Misericordia Pulpito GIORNATE DI PRIMAVERA FAI 2019
Il pulpito della chiesa della Misericordia di Carmagnola, protagonista alle Giornate di Primavera del FAI – Fondo Italiano per l’Ambiente 2019 (23 e 23 marzo 2019)


Sabato 23 e domenica 24 marzo arrivano anche a Carmagnola le Giornate di Primavera 2019, organizzate dal FAI – Fondo Italiano per l’Ambiente.

Protagonista, per la prima volta, sarà la Confraternita di San Giovanni Decollato (detta della Misericordia).
La chiesa di piazza Garavella sarà visitabile, partecipando a speciali visite guidate.

Sono anche stati coinvolti nell’evento alcuni componenti del Gruppo Teatro Carmagnola e allievi del liceo “Baldessano-Roccati”.
L’evento è supportato dall’Amministrazione comunale.

L’orario di visita alla chiesa nel corso delle Giornate di Primavera del FAI sarà dalle 10 alle 12 e dalle 14 alle 18.

Le Giornate di Primavera hanno rappresentato anche l’occasione per stampare un pieghevole informativo sulla Misericordia, in cui sono raccontate la storia del Sodalizio, l’architettura della chiesa e alcuni cenni su San Giovanni Battista. All’interno della brochure vi è una pianta della chiesa, con descrizione delle importanti opere d’arte in essa contenute.

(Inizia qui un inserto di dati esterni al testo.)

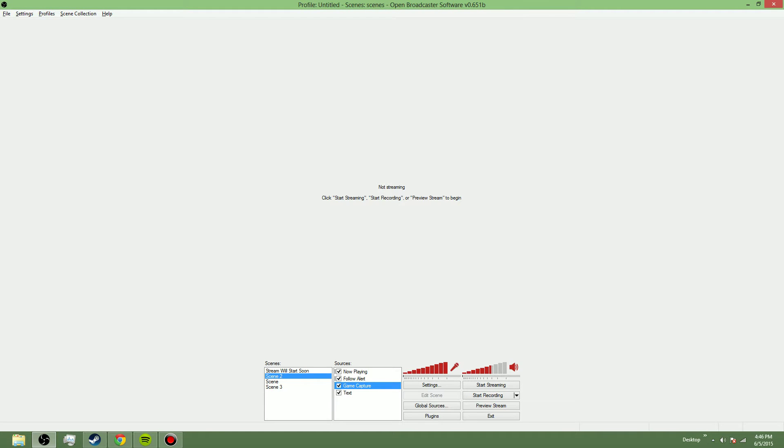How's it going guys? My name is NerdyTV and welcome back. Today I'm going to show you guys the best settings for OBS.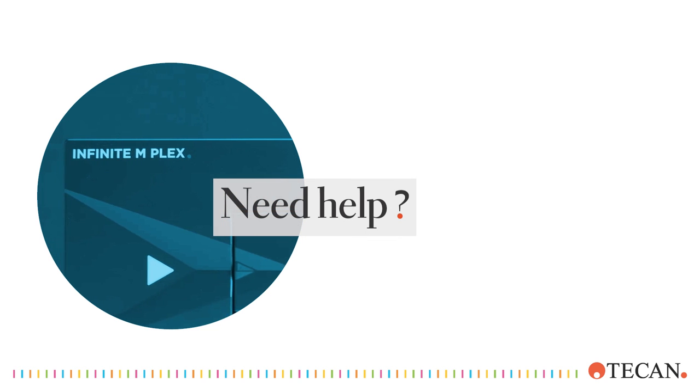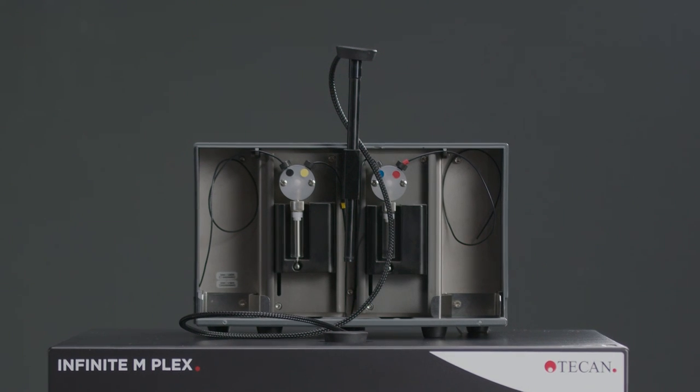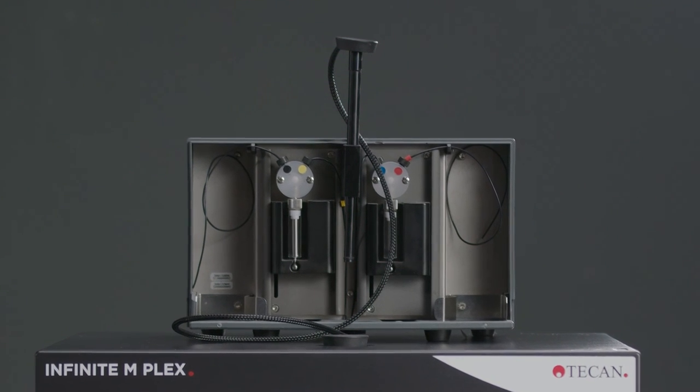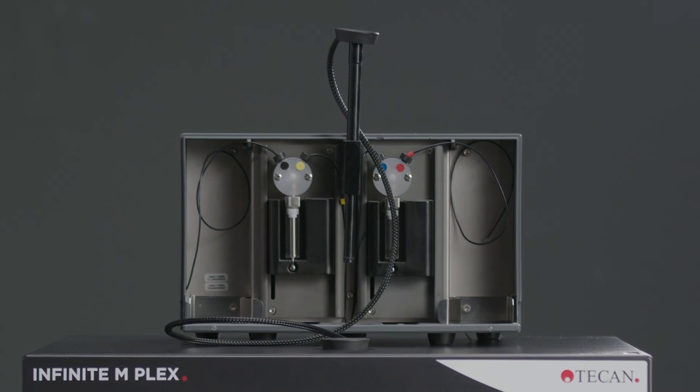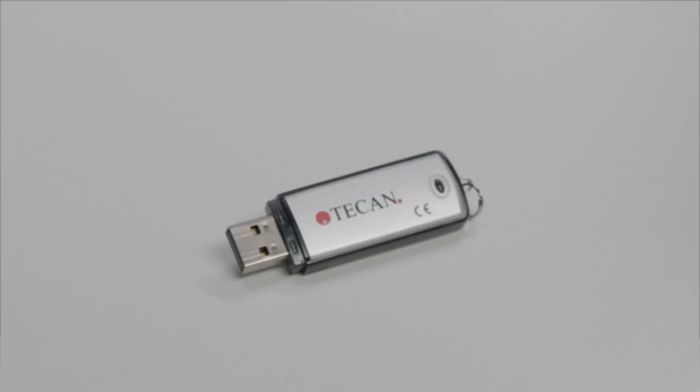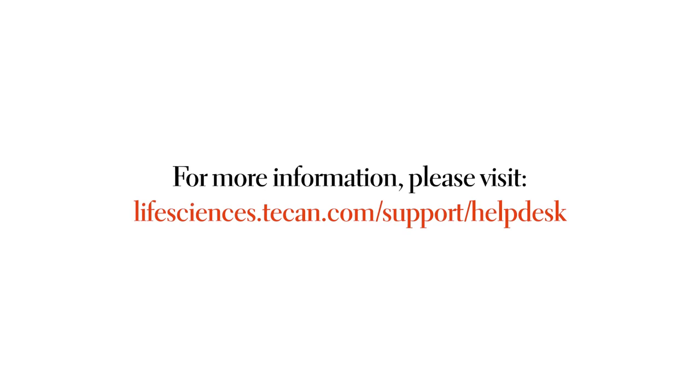If you need any further help, please find detailed instructions in the manual or on the USB drive. And please do not hesitate to refer to our help desk experts.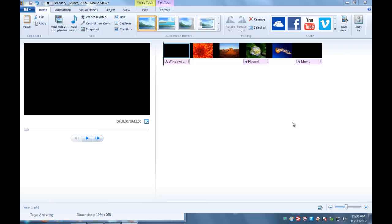Now we have a video that's finished, we like how it looks, we like the titles, and it's ready to share with whoever we want to share it with, or do whatever we want to do with it. Up to this point, when you've been saving your project, you haven't really been saving a video file — you've only been saving a Windows Movie Maker file.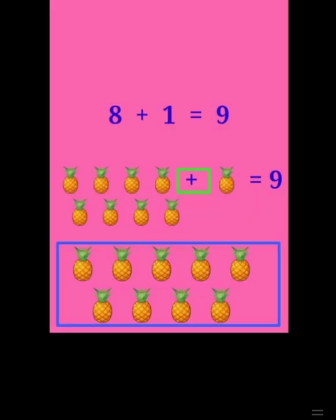8 plus 1 is equal to 9. 1, 2, 3, 4, 5, 6, 7, 8. Plus adding 1 more pineapple. 1, 2, 3, 4, 5, 6, 7, 8, 9. 8 plus 1 is equal to 9. The answer is 9.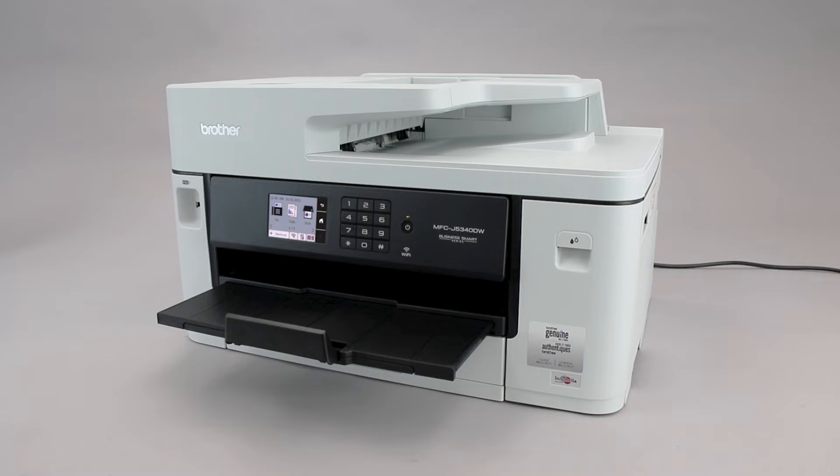Wi-Fi Protected Setup, better known as WPS, will enable your Brother machine to connect to your wireless router with the push of a button.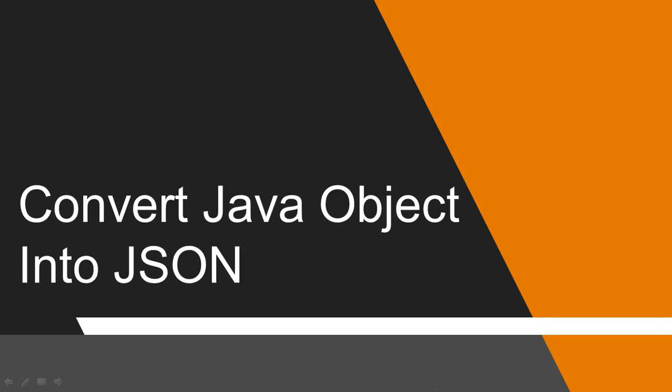Hello and welcome back. In this video we will see how to convert Java object into JSON.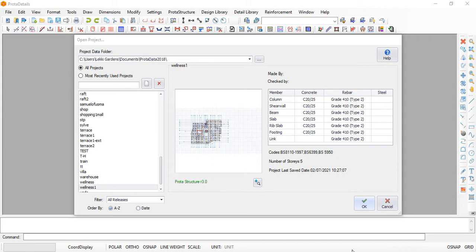Subscribing is the only way you can encourage us to do more videos — when we see people subscribing it is very encouraging. We will be taking a question from one of our subscribers. His name is Wese Fabiola. Wese Fabiola is asking: how do we create a staircase in Prota Detail?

«Per ottenere un quadro d’insieme, si sono dovute fare accurate ricerche sul pulpito spiegano dalla Confraternita– Nessuno, infatti, aveva mai studiato approfonditamente l’arredo sacro. Si tenga presente che, ad eccezione di quello monumentale della Collegiata, è l’unico importante delle chiese del centro storico, per qualità artistica e eleganza».

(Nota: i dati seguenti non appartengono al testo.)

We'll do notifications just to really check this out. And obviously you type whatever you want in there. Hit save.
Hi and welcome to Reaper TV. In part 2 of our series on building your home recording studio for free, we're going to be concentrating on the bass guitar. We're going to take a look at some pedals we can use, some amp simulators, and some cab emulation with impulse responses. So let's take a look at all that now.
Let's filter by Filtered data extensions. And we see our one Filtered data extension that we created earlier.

Grazie alla cortesia del dottor Guido Gentile, profondo conoscitore dell’arte in Piemonte, che l’ha confrontato con altre opere della stessa epoca, si può ora affermare che il pulpito, finemente intagliato, “reca nel pannello centrale la simbologia della Congregazione, cioè la testa di San Giovanni Battista sul bacile, che per il sistema decorativo e la fattura, può essere attribuito a un raffinato scultore e intagliatore piemontese della metà del 1600”.